_Exercise goal:_
A faithful copy of each record is required, minus the images.

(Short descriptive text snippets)

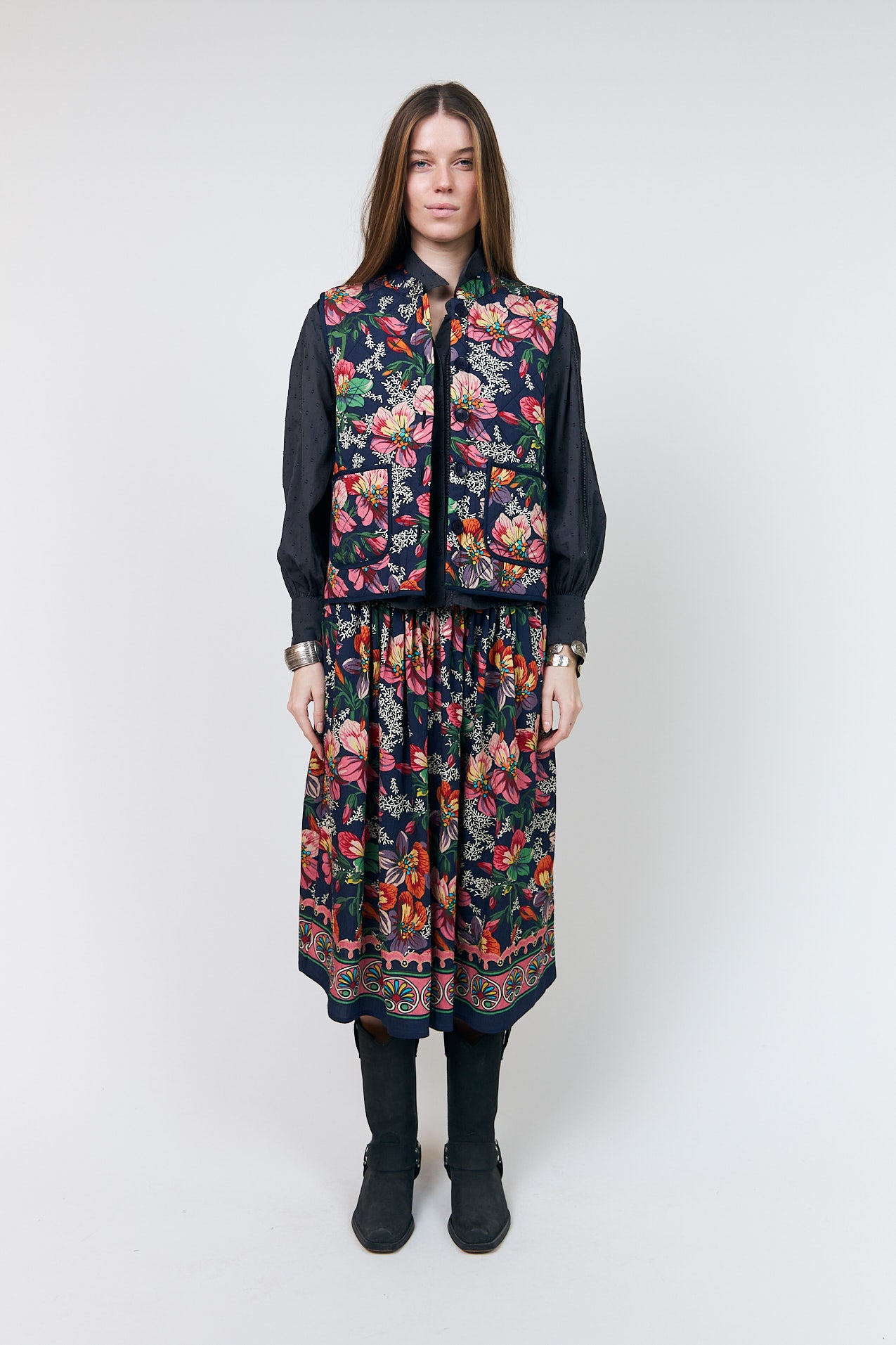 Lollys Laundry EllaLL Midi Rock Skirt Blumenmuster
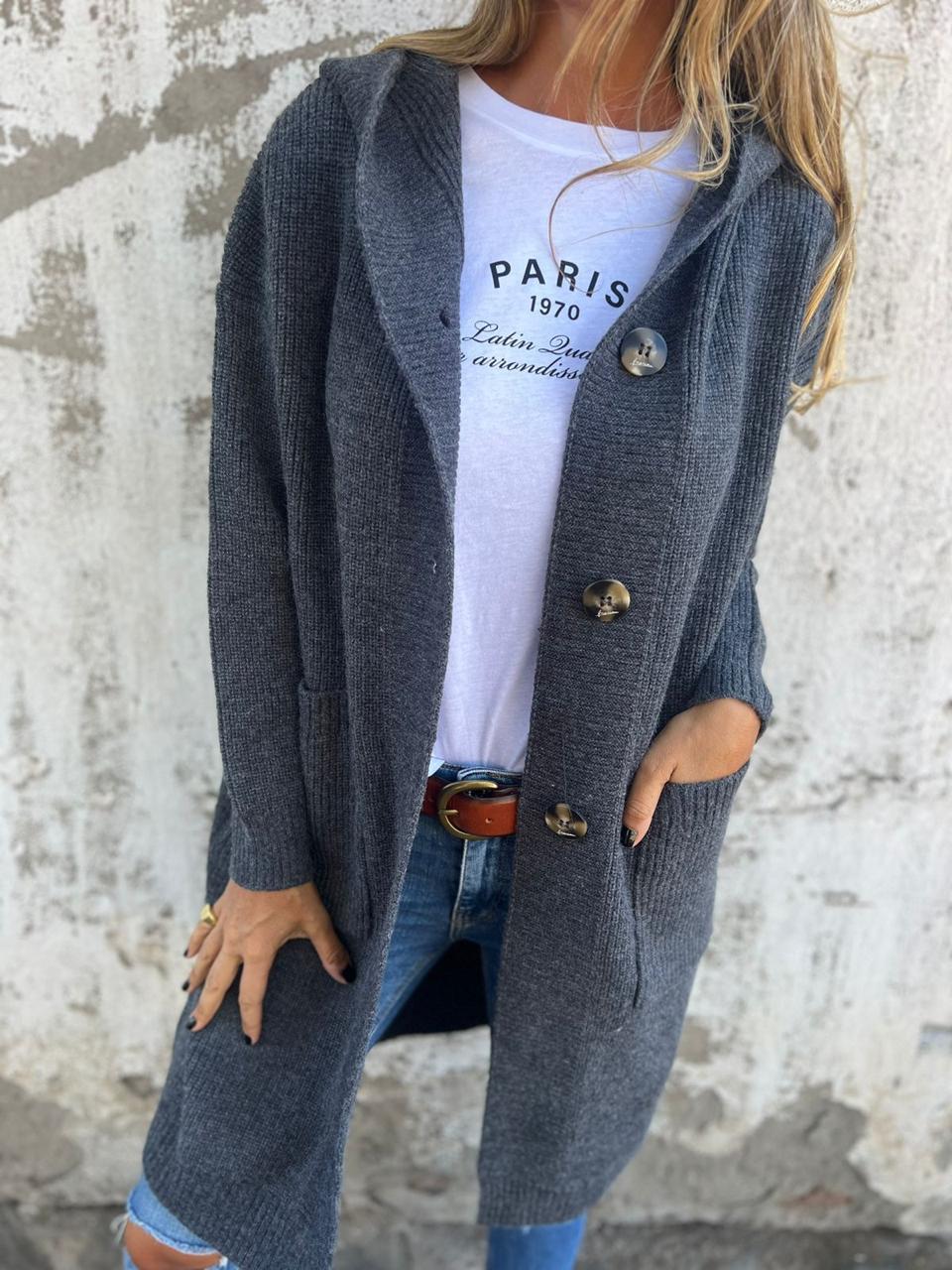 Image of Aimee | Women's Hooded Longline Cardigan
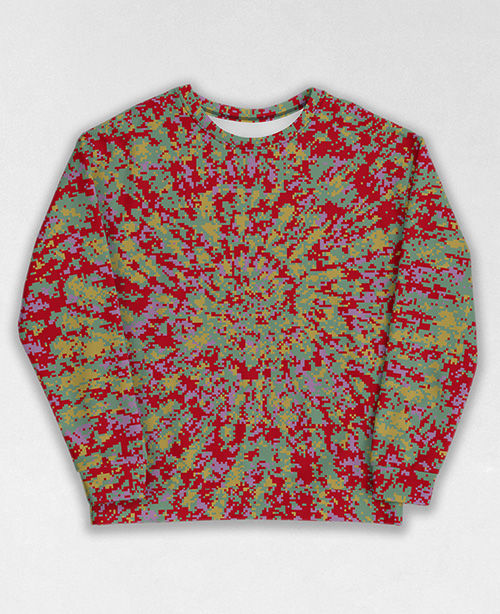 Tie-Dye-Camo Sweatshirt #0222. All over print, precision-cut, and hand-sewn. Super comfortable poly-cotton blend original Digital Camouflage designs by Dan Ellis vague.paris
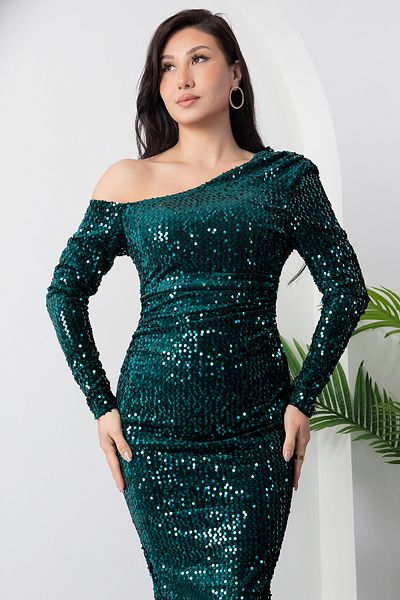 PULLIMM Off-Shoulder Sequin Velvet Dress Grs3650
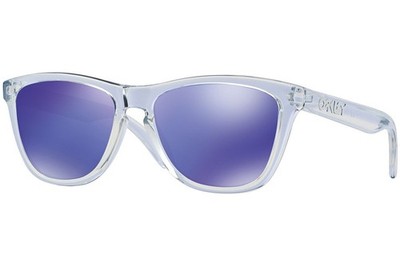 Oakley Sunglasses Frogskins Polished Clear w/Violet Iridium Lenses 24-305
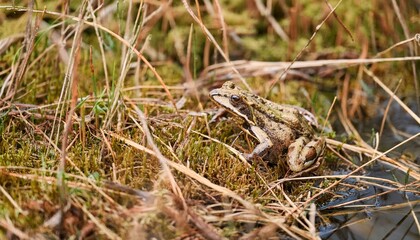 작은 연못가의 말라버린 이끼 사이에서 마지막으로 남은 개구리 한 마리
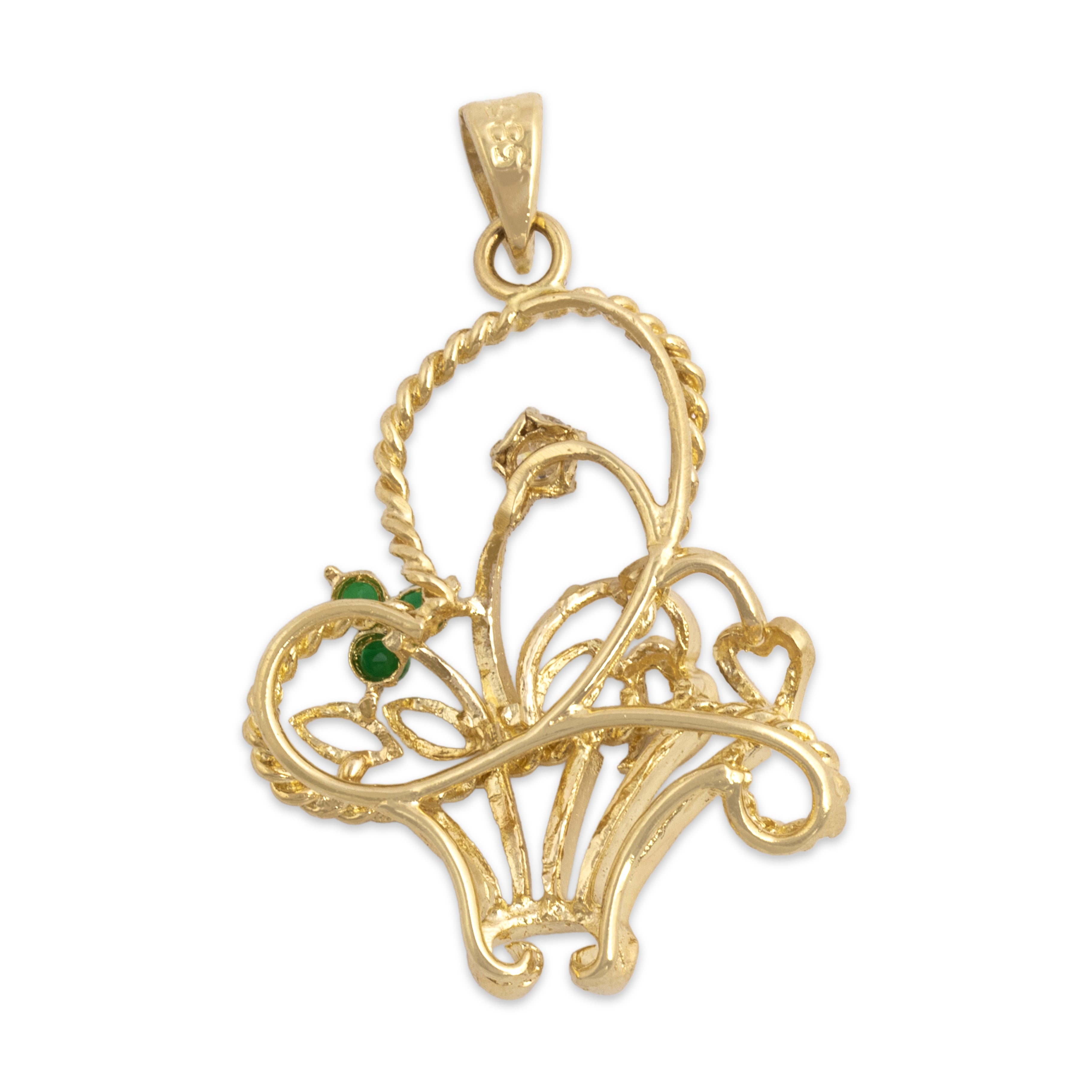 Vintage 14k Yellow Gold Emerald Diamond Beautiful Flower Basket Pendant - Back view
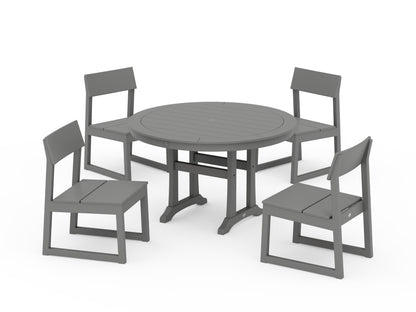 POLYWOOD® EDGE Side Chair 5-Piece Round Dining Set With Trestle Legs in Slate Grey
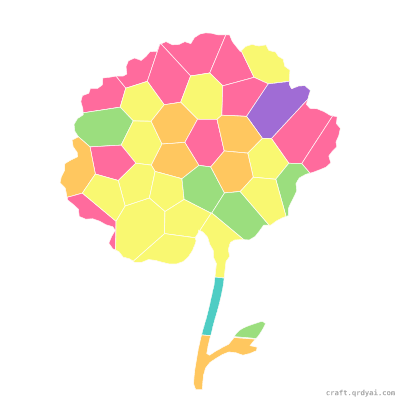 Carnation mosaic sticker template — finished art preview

_Result of the exercise:_
 Lollys Laundry EllaLL Midi Rock Skirt Blumenmuster
 Image of Aimee | Women's Hooded Longline Cardigan
 Tie-Dye-Camo Sweatshirt #0222. All over print, precision-cut, and hand-sewn. Super comfortable poly-cotton blend original Digital Camouflage designs by Dan Ellis vague.paris
 PULLIMM Off-Shoulder Sequin Velvet Dress Grs3650
 Oakley Sunglasses Frogskins Polished Clear w/Violet Iridium Lenses 24-305
 작은 연못가의 말라버린 이끼 사이에서 마지막으로 남은 개구리 한 마리
 Vintage 14k Yellow Gold Emerald Diamond Beautiful Flower Basket Pendant - Back view
 POLYWOOD® EDGE Side Chair 5-Piece Round Dining Set With Trestle Legs in Slate Grey
 Carnation mosaic sticker template — finished art preview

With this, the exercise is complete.